Suzanne Vega… A lui seul, son nom est une invitation au voyage ! Indissociable de son tube « Luka », sensation de l’année 1987 tirée de son album Solitude Standing, la folkeuse a su, au fil de ses réalisations, explorer les nouveaux horizons d’un songwriting franc et intimiste. Une voix chaude et suave pourtant si discrète qu’on oublierait presque que l’artiste fêtera cette année ses 28 ans de carrière, avec un nouvel album à clef : Close-Up Vol.1 : Love Songs. Retour sur une pièce maîtresse de l’échiquier rock qui n’a pas pris une ride !
Fame !
C’est dans la partie hispanique d’Harlem et dans l’Upper West Side de New York que grandit la jeune Suzanne Nadine Vega. Née le 11 juillet 1959 à Santa Monica, ses parents Pat et Richard se séparent peu de temps après sa naissance. C’est donc auprès de sa mère, analyste de systèmes informatiques et de son beau-père, Ed Vega, un écrivain et professeur d’origine portoricaine dont elle prendra le patronyme, que la petite fille grandit dans la culture hispanique. Une culture que la fillette assimile tellement bien qu’elle croit Vega être son géniteur avant que l’on lui révèle la vérité sur ses origines. Avec des ascendances allemande et suédoise du côté de sa mère, britannique, écossaise et irlandaise par son père biologique, celle-ci est la parfaite incarnation du melting-pot à l’américaine !
Dans la maisonnée, les vieux disques de folk, de jazz, de Motown ou de bossa-nova témoignent du même brassage musical. Déjà fine mélomane, la petite Suzanne n’a pas neuf ans lorsqu’elle écrit ses premiers poèmes et à quatorze, celle-ci écrit ses premières chansons. Ses influences vont piocher dans la tradition folk de Bob Dylan, la poésie de Leonard Cohen et la noirceur de Lou Reed, qui lui rappelle tant le quartier défavorisé où elle vit, mais aussi dans les arrangements pop des Beatles. Egalement passionnée par la danse moderne, l’adolescente douée décrochera un diplôme de la prestigieuse High School of Performing Arts (ndlr : la fameuse école d’arts du spectacle de la série « Fame », maintenant connue sous le nom de LaGuardia High School) avant de se spécialiser en littérature anglaise à l’université.

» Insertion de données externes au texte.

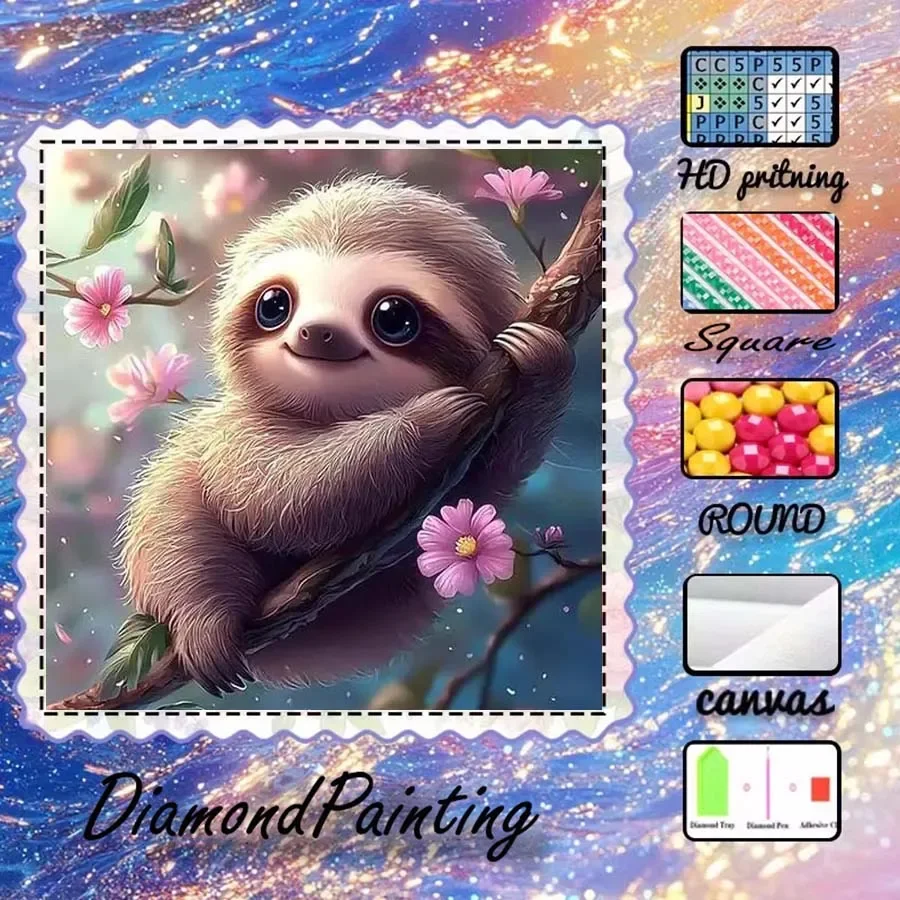 1 piece 5D DIY flocking cloth, special drill, diamond painting kit, branches, flowers, pattern mosaic, diamond art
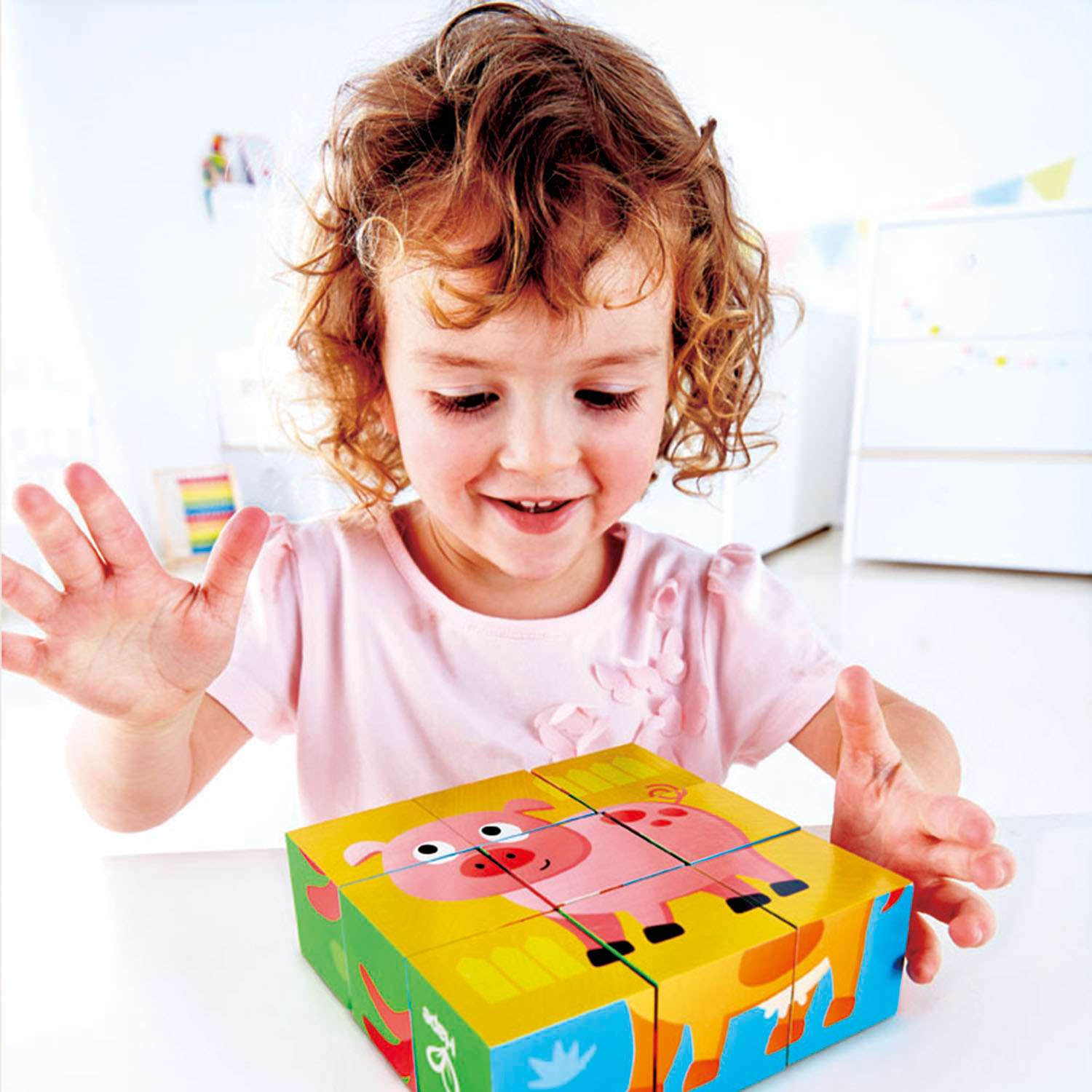 Детские деревянные кубики HAPE Ферма 6 вариантов картинок - фото 4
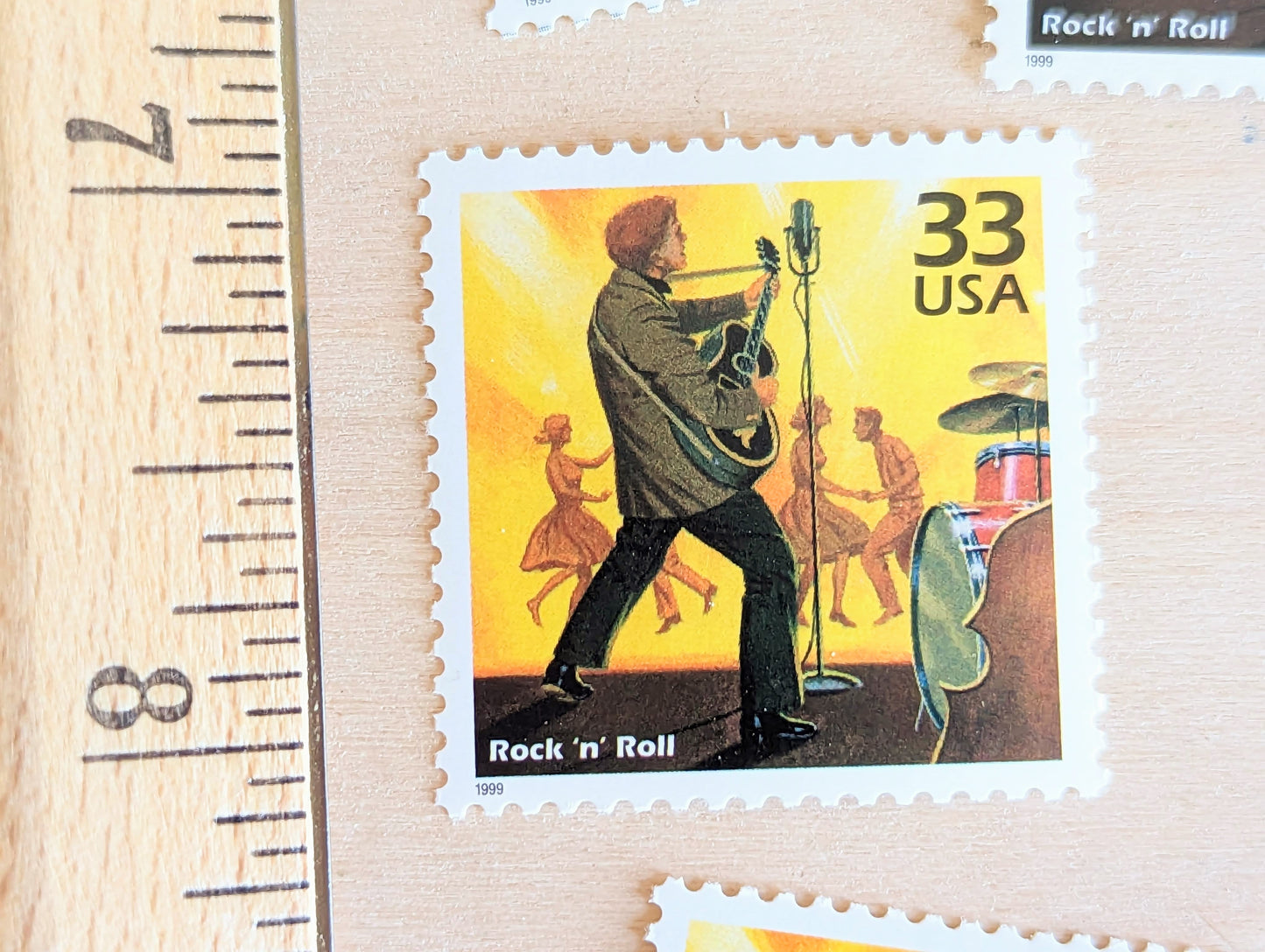 Rock 'N' Roll Stamps, Set of 5, Vintage Unused USPS 33 Cent Postage Stamps, 1950s Celebrate the Century Stamps 1998, Gummed
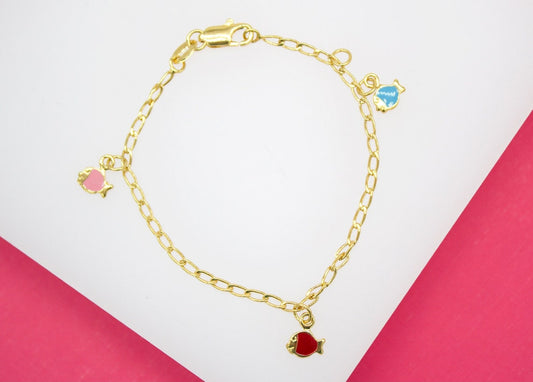18K Gold Filled Dangle Enamel Fish Charm Bracelet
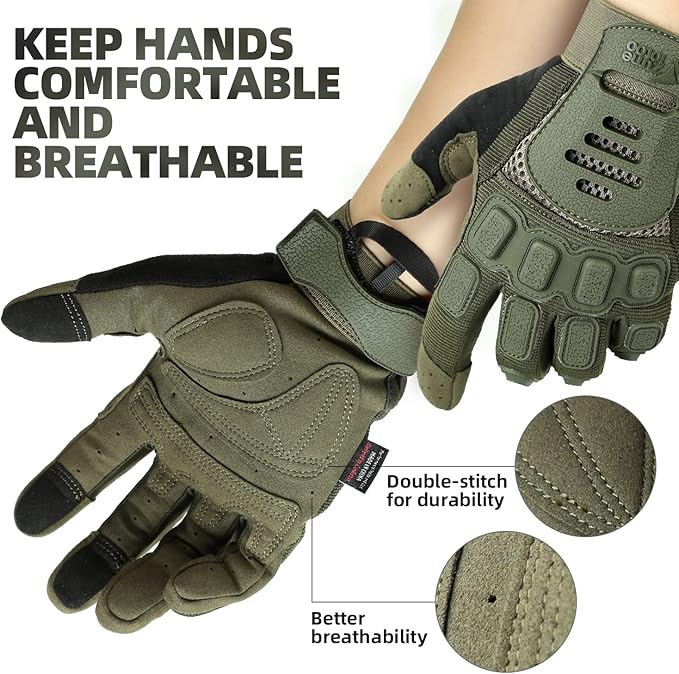 ZUNE LOTOO Touchscreen Tactical Gloves Men with TPR Finger Impact Protection & Palm Padded for Motorcycle Airsoft Paintball Range Work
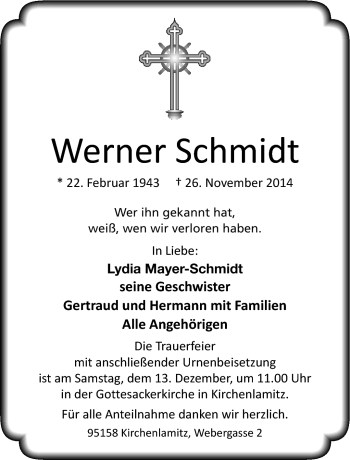 Traueranzeige von Werner Schmidt von Frankenpost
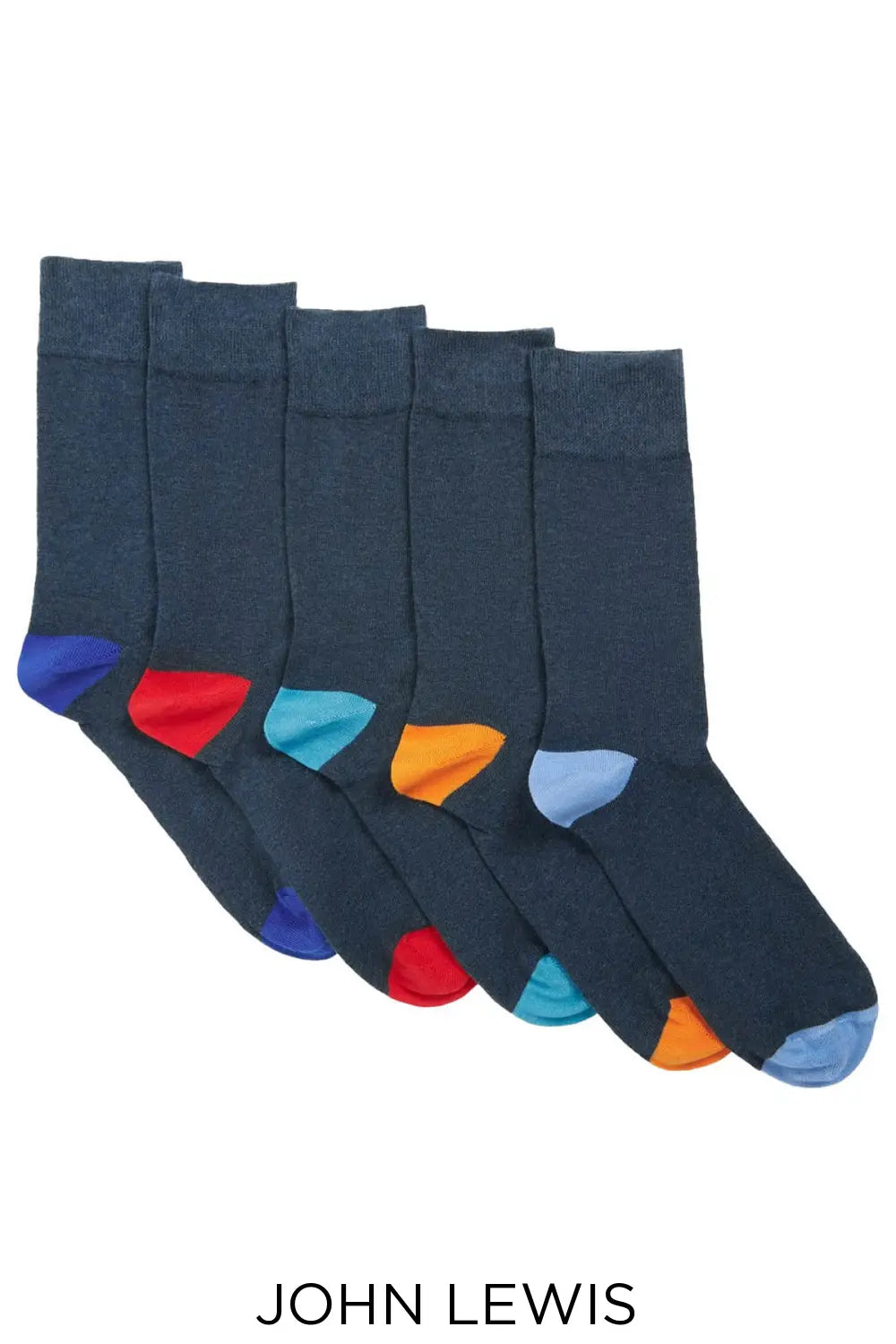 John Lewis Contrast Colour Cotton Socks Dark Grey / 9-11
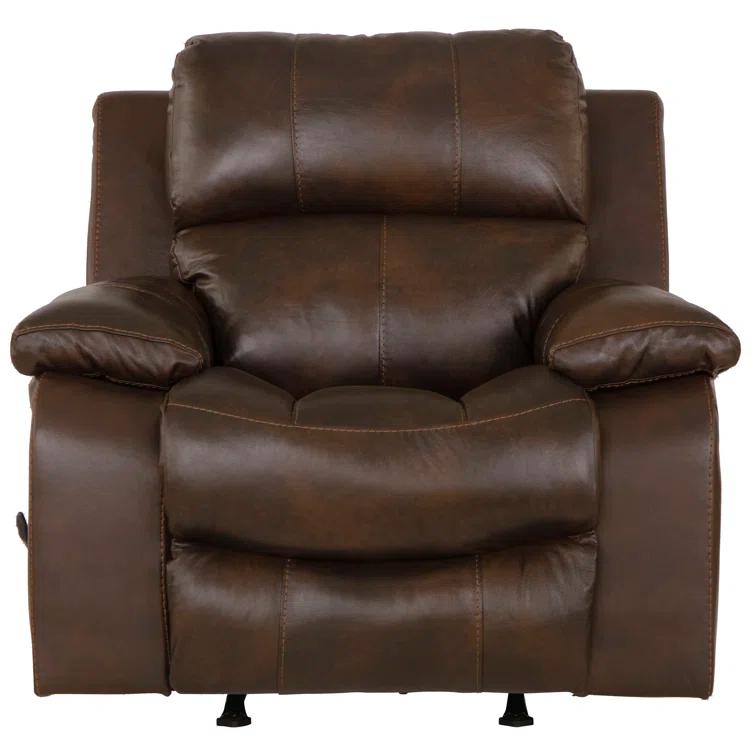 Akylah 42" Wide Leather Match Rocker Standard Recliner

Pour autant la poésie des mots n’a pas quitté le cœur de la jeune fille qui les met régulièrement en musique le soir dans les bars de Greenwich Village. Son talent ravit déjà un public fidèle qui se presse pour voir l’habituée des bœufs improvisés, dont certaines de ses chansons vont avoir l’honneur de figurer sur les albums d’anthologie édités par le magazine musical Fast Folk. Après des années de dur labeur, sa première maquette est enfin acceptée par A&M qui lui propose un contrat en 1984, devenant ainsi la première artiste étiquetée « Fast Folk » a être signée par un label. Le renouveau folk féminin peut désormais commencer !
Marlene sur le mur
Produit par Steve Addabbo et Lenny Kaye, l’ancien guitariste de Patti Smith, Suzanne Vega sort en mai 1985. Une chose frappe déjà sur ce premier album : ses mélodies simples et ses paroles introspectives qui tranchent singulièrement avec l’exubérance des années 80 ! Salué par la critique qui reconnaît que son style s’inscrit dans la plus pure tradition folk, celui-ci jouit d’une certaine popularité aux Etats-Unis et au Royaume-Uni, en atteignant même la certification platine, avec notamment le clip « Marlene on the Wall ». Beau coup d’essai pour ce titre directement tiré de la propre expérience de la chanteuse, qui interroge l’engagement amoureux tout en prenant pour modèle l’icône Marlene Dietrich dont elle est une immense fan !
Mais c’est son successeur Solitude Standing qui va véritablement la révéler aux yeux du monde. Commercialisé le 1er avril 1987 (eh non ce n’est pas une blague !), le deuxième album contient deux hits en puissance : « Tom’s Diner » et « Luka ». Tandis que le premier narre « a capella » une scène prise sur le vif dans un café, le second évoque le quotidien d’un enfant maltraité sur une musique pop résolument joyeuse. C’est l’adhésion générale pour ce hit hors du commun qui prouve que l’on peut écrire des textes poétiques mais réalistes. On aurait cependant tort de croire que le second a réussi à occulter l’exploit du premier : remixé par le duo de producteurs britanniques dance DNA, « Tom’s Diner » réintègre les charts en pole position, sous la forme que l’on lui connaîtra dès lors. Si on ajoute que le chercheur Karlheinz Brandenburg se sert également de cette chanson comme modèle pour son algorithme de compression pour le format MP3, on mesure l’immense popularité de Vega qui recevra le titre honorifique de « Mère du MP3 » !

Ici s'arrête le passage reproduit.